Às vezes escrevo cartas.
Gosto de escrever cartas sentidas e imaginar o efeito das palavras nas pessoas a quem são dirigidas. Na maioria não obtenho respostas, não sei o efeito, acho que o destinatário é um ser imaginado por mim. Por vezes brincamos com as palavras sem medir as consequências. Esquecemos que existem pessoas que estão do outro lado das palavras …
Mas escrevo cartas. Acho que vou sempre continuar a escrever cartas. Umas de amor outras de desamor outras de despedida, outras desesperadas de saudade.
Esta é uma carta ridícula a esta altura em que me sinto ridículo a escrever outra carta que eu não queria ridícula mas de saudade. Uma carta de saudade ridícula.
Esta é uma espécie de carta de amor. Breve.Vazia. Sem amor nenhum. Só saudade em cada letra. Saudade em cada palavra. Saudade em cada linha e em cada folha cheia de palavras a disfarçarem o amor, a tornearem a saudade, a fintarem o tempo. Esta é, afirmo, uma carta ridícula. Vazia de amor. Do nosso amor. Que posso fazer mais, além de não te deixar morrer por dentro, seco da sede de ti. Custava dares-me a mão e guiares-me nas noites frias ciclónicas, que enfrento em cada noite que te sonho e desejo. É que eu já não sei o que mais faça. Se desisto. Se me abandono. Se fecho os olhos definitivamente e deixe que as lágrimas brilhem exaustas da saudade.

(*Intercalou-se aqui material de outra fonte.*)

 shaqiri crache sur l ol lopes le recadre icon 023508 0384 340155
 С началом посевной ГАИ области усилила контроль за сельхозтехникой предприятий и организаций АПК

Esta é mais uma carta, mais uma só a juntar a tantas outras que colecciono, uma colecção de saudades, de sentires angustiantes, de mortes. Morro em cada palavra que te escrevo vestida do negro da ausência.
Que me fizeste?
E eu que me parece, partiste ontem.

Peço-te um momento e ele é um momento do mundo sem tempo. Ficam as palavras de novo. Sempre as palavras. As palavras são assim espécies de rosas coroadas de espinhos em nós.

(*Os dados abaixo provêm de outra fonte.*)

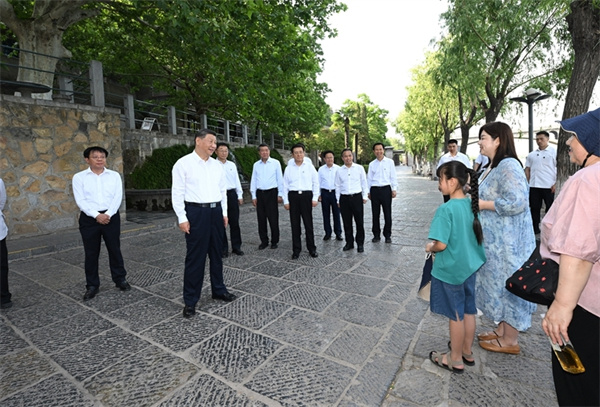 习近平在河南考察时强调 坚定信心推动高质量发展高效能治理 奋力谱写中原大地推进中国式现代化新篇章(图11)
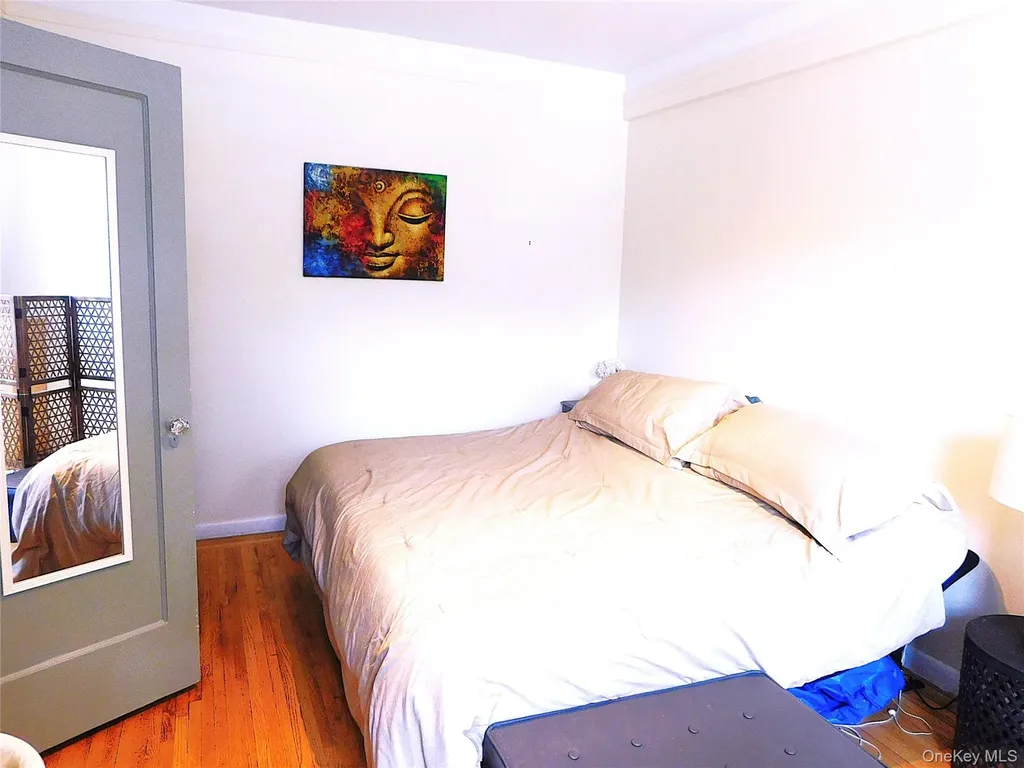 472 Gramatan Avenue Mount Vernon NY 10552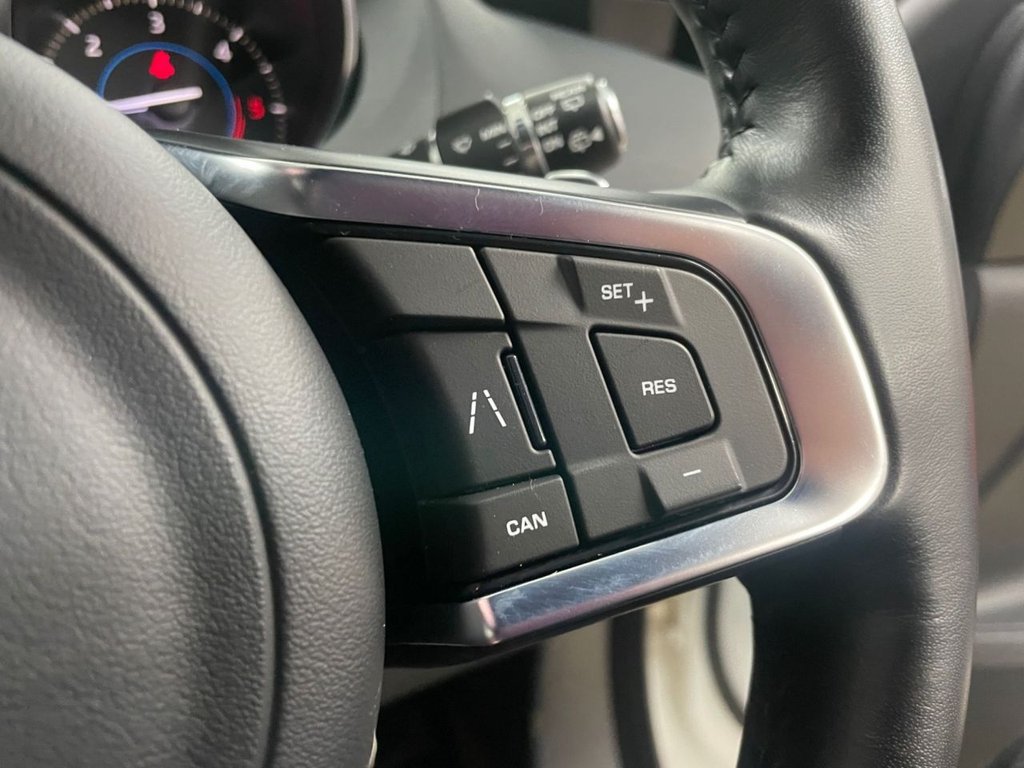 Used Jaguar F-Pace 2019 for sale - 76520718: Photo 36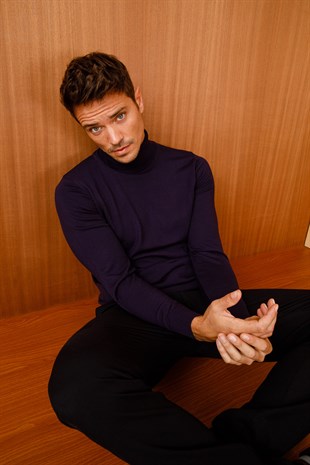 Мужской Базовый свитер с круглым вырезом темно-фиолетовый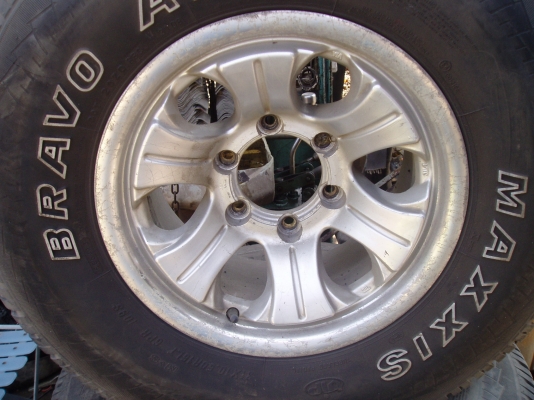 ขายยาง31นิ้วแถมล้อแม็ก4วง6000บาท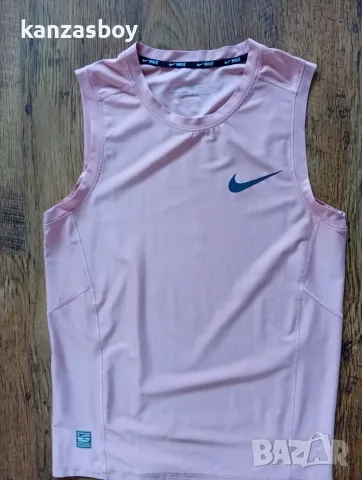 Nike Pro Combat - мъжки потник р-р М, снимка 2 - Тениски - 55502481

Hoje não me recomendo para companhia. Persegue-me a saudade como uma nuvem negra, espécie de bicho papão que me assusta.
Estou desesperado. Olho o telefone não sei quantas vezes ao dia na espera de noticias que já não chegam.
Liguei-te e atendeu o gravador frio a falar inglês. E eu fiquei mudo, parado, estático. Quantos anos se passaram.

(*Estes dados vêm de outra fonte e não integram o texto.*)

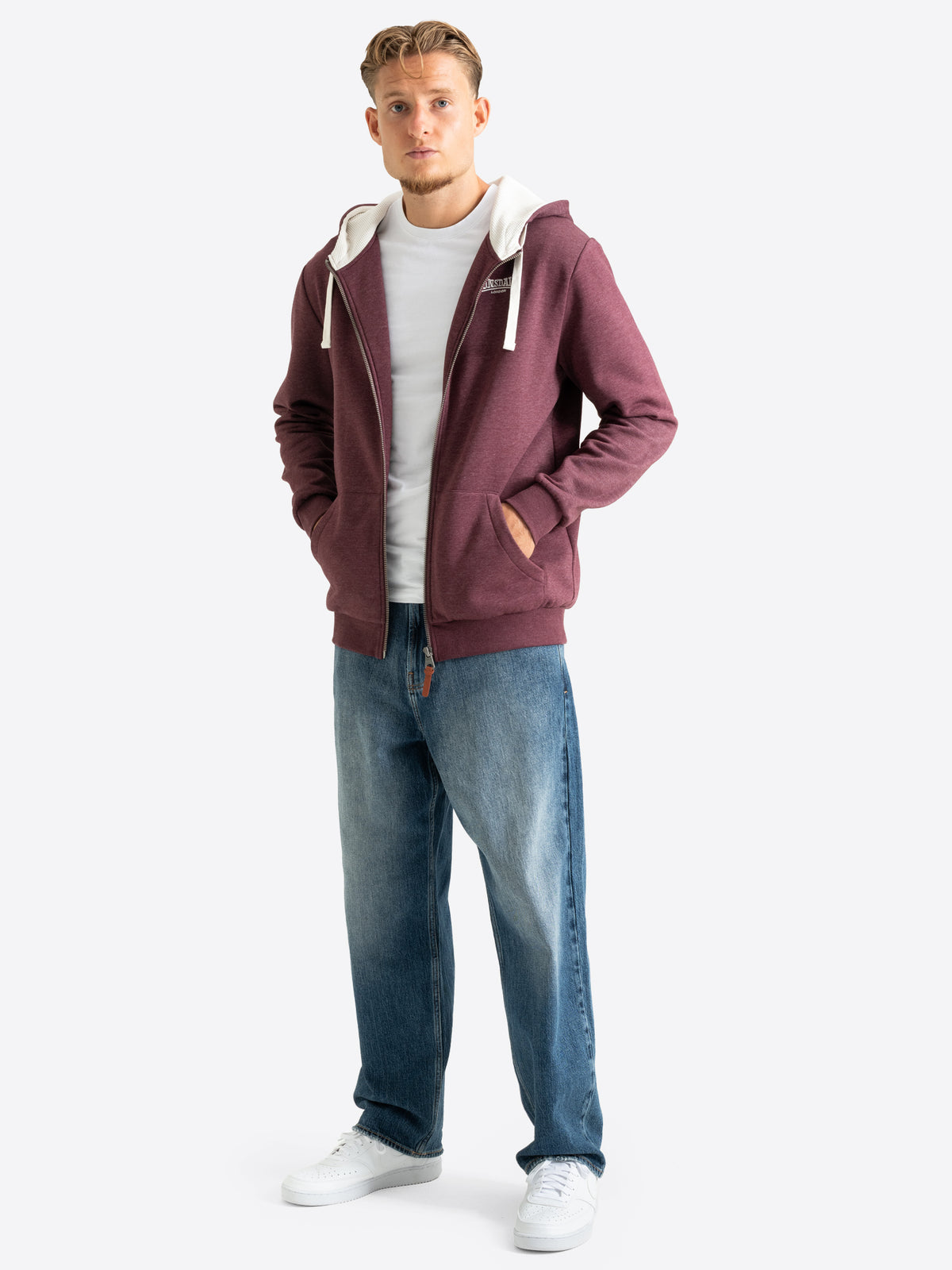 Weinrote Lonsdale Herren-Kapuzensweatjacke mit Reissverschluss und Logo-Stick.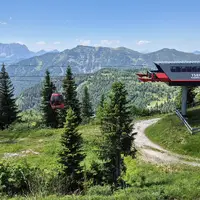 Steinplatte a zážitkový park Triassic Park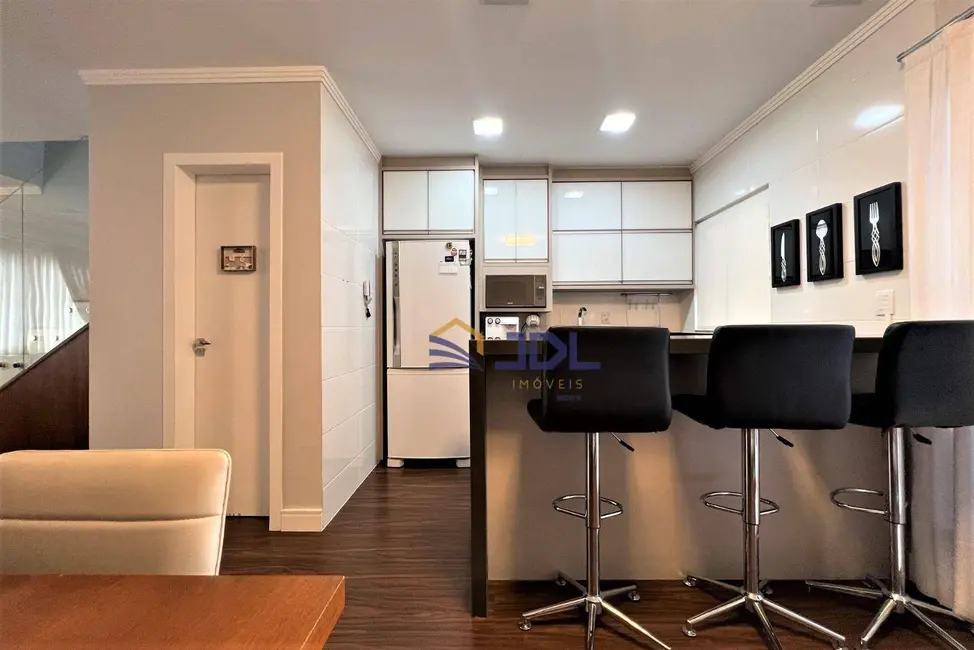 Sobrado com 3 quartos à venda, 91m2 em Velha Central, Blumenau - SC - imagem 3 Foto 3 de Sobrado com 3 quartos à venda, 91m2 em Velha Central, Blumenau - SC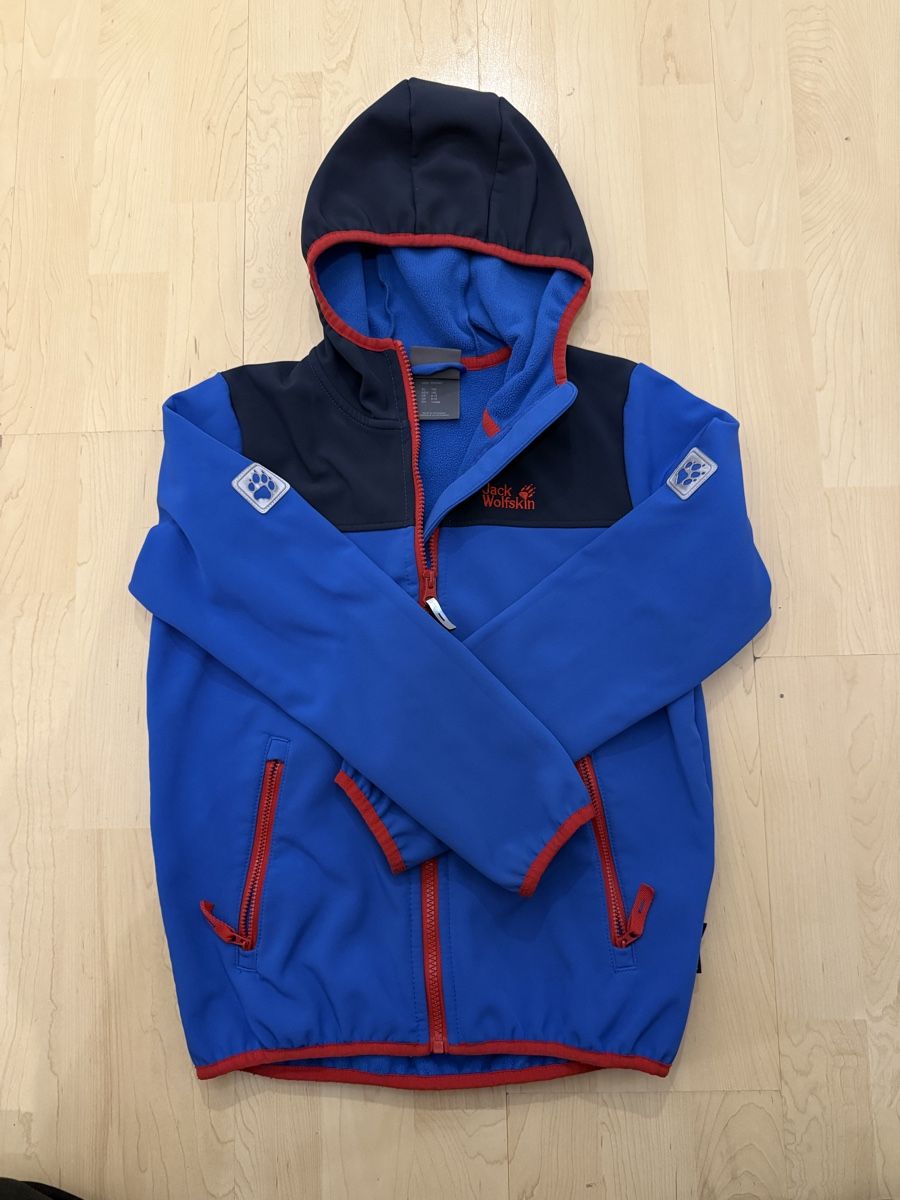 Jack Wolfskin Giacche & Cappotti: Jack Wolfskin Softshelljacke Kinder Gr. 140 – Usato da Uster venduto da pas_ytj2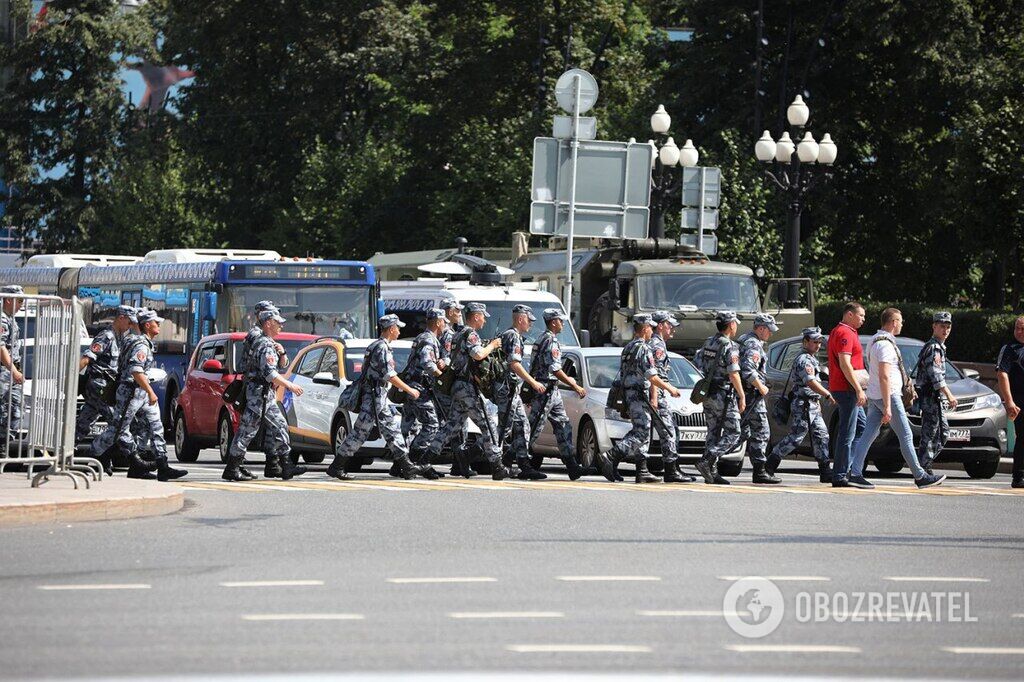Поліція затримує перехожих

E eu que me parece, partiste ontem…

Parti também. Fui atravessar o mar…
A última viagem foi difícil e longa.
Estremeço. Sinto o estremecimento do navio, e aqui no meio do oceano neste dia de fúrias e ventos e angustias e medo, é em ti que penso e no último acto antes de embarcar. Tenho mais medo do gesto simples de te ligar que enfrentar esta tempestade monstruosa que me quer engolir junto com o navio cansado. Fecho os olhos em cada investida. Sob os meus pés todo o navio estremece quando as vagas medonhas se abatem sobre nós. A máquina principal trabalha certa, alheia à fúria do mar. Gira precisa, e o navio avança por entre gritos, estilhaços de espuma, silvos do vento e muitos medos. Os nossos medos recolhidos que estão no corpo cansado. Na ponte atento, olho a agulha, os imensos mostradores, as coloridas luzes que piscam. O ecrã do radar descortinando o imenso vazio sem um eco, só o ruído do tempo. Aqui, longe de tudo de todos, os medos que sinto em terra, quando me perco pelas ruas do Porto em tua busca, imaginando que na próxima esquina te vou encontrar. Aqui despido das emoções e das ternuras, sou frio como o aço do casco e tento ser um só com o navio cansado e com a máquina/coração que nos leva singrando por entre a fúria. Tu não sabes da beleza que é o mar assim furioso. Não tenho palavras para te escrever disso, é preciso sentir entendes. Sentir na pele e no olhar este mar. Beber o sal, ficar ensalitrado até aos ossos. Os pulmões inebriados de maresias. Sou um lobo-do-mar solitário já. Só tu és plena na companhia que me fazes na memória. Por isso enquanto o navio avança te escrevo esta espécie de carta, confissão, desabafo para vencer o medo. Para te sentir próxima. Não te conto as novidades por não existirem e não te interessarem. Não pergunto por ti, por não obter resposta. Não sei de ti porque já partiste e não vou em tua demanda. Espero só que regresses, porque quando regressares eu estarei cá para te receber de braços abertos e o coração pleno do amor que juramos um dia.